§ **WORK TASK**: Only an exact copy belongs in the answer: the line with "认定故意泄露军事秘密犯罪的要点（认定故意泄露军事秘密犯罪的要点是）" and every line after it through the end of the records, pictures left out.

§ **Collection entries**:
▬▬▬▬▬▬▬▬▬▬

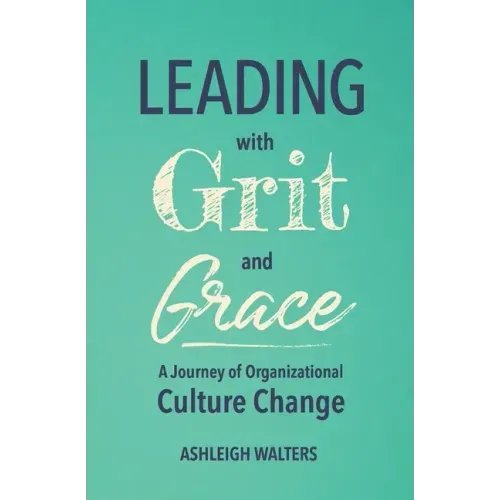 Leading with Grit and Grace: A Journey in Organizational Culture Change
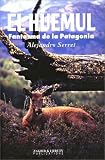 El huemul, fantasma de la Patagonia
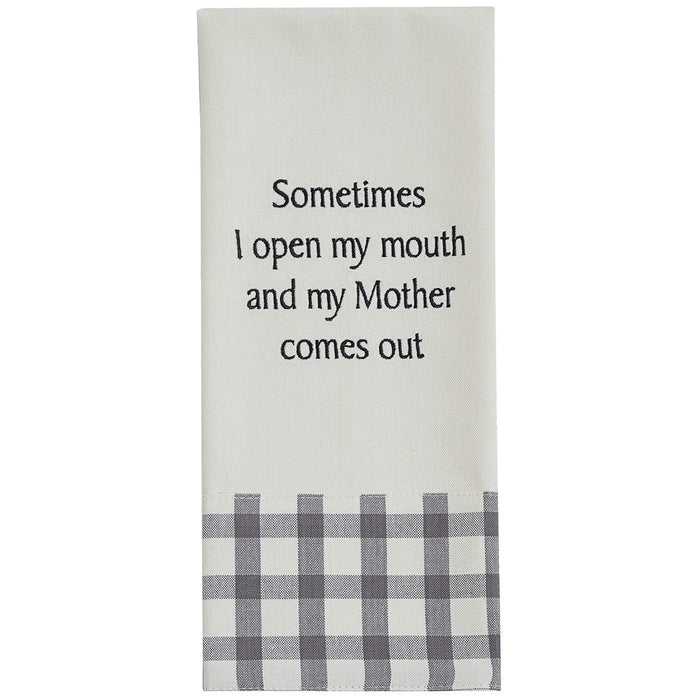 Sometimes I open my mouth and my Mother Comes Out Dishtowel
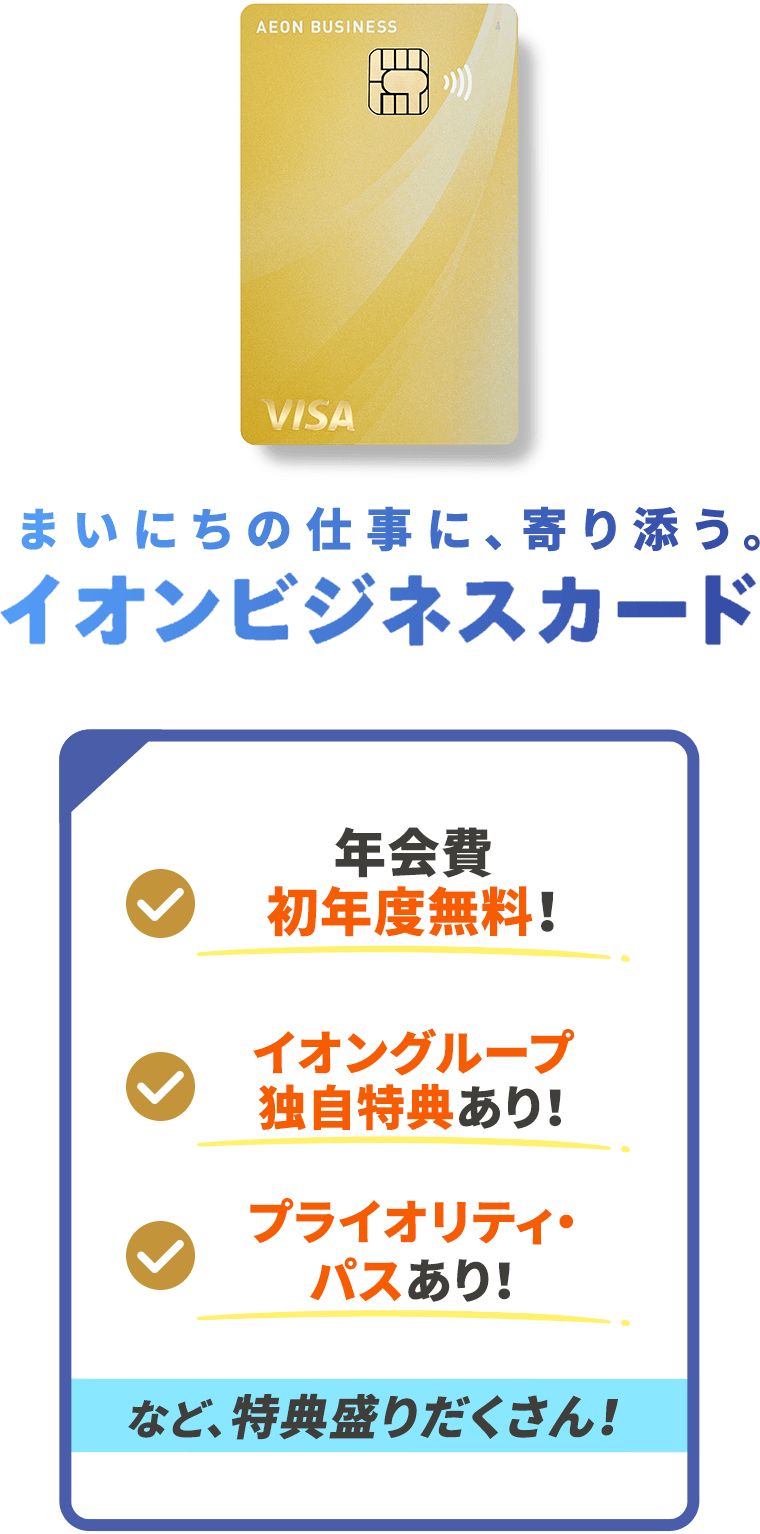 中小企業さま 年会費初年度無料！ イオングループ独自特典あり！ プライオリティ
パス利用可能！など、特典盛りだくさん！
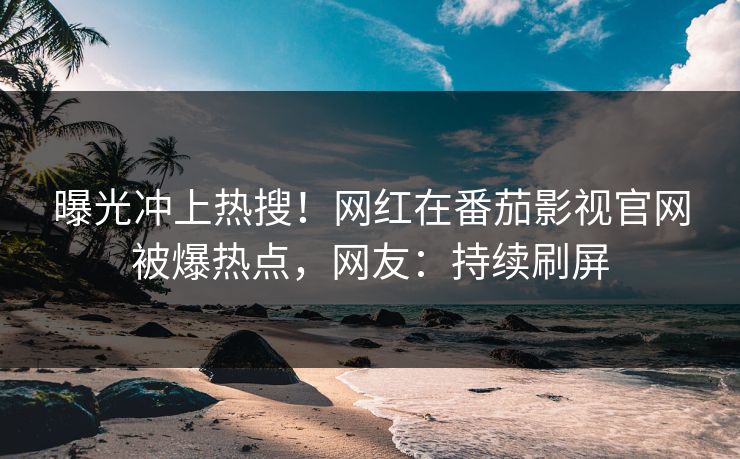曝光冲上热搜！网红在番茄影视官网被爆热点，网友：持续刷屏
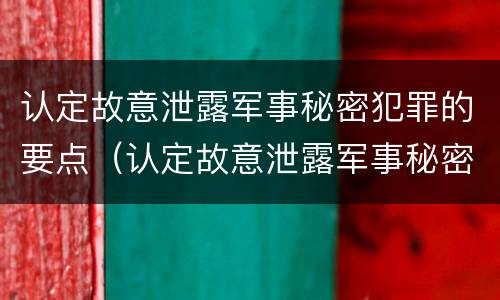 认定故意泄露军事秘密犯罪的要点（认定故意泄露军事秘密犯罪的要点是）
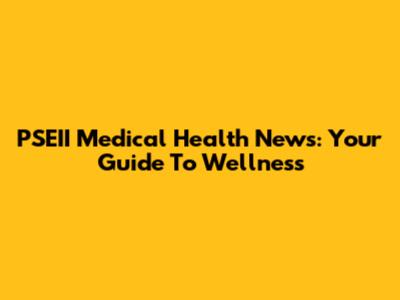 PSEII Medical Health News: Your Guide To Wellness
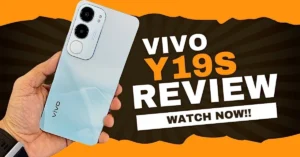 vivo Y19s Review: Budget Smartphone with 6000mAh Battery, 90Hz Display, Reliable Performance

▬▬▬▬▬▬▬▬▬▬

§ **TASK OUTPUT**:
 认定故意泄露军事秘密犯罪的要点（认定故意泄露军事秘密犯罪的要点是）
 PSEII Medical Health News: Your Guide To Wellness
 vivo Y19s Review: Budget Smartphone with 6000mAh Battery, 90Hz Display, Reliable Performance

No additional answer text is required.